** Opening Dataset excerpts block **

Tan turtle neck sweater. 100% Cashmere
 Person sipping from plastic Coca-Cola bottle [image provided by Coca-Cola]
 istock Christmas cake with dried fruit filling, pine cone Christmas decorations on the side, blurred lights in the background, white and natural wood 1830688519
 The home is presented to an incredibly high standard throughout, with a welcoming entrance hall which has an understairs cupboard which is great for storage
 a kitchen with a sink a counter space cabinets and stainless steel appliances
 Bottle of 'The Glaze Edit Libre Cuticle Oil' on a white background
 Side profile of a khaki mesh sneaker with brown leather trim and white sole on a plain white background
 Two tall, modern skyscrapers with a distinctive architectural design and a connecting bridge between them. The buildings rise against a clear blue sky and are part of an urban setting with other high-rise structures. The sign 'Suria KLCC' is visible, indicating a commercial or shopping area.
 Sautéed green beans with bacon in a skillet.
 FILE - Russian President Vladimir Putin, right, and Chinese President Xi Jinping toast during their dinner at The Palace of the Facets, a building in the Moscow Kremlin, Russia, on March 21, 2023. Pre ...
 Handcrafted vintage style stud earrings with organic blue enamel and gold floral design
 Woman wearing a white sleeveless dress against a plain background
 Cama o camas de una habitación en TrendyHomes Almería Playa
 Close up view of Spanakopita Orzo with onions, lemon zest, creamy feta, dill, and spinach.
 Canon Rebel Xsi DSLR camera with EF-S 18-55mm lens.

** Closing Dataset excerpts block **

▸ Activity
Gather from the entries above all lines that include the string "high".

▸ Response for this exercise
 The home is presented to an incredibly high standard throughout, with a welcoming entrance hall which has an understairs cupboard which is great for storage
 Two tall, modern skyscrapers with a distinctive architectural design and a connecting bridge between them. The buildings rise against a clear blue sky and are part of an urban setting with other high-rise structures. The sign 'Suria KLCC' is visible, indicating a commercial or shopping area.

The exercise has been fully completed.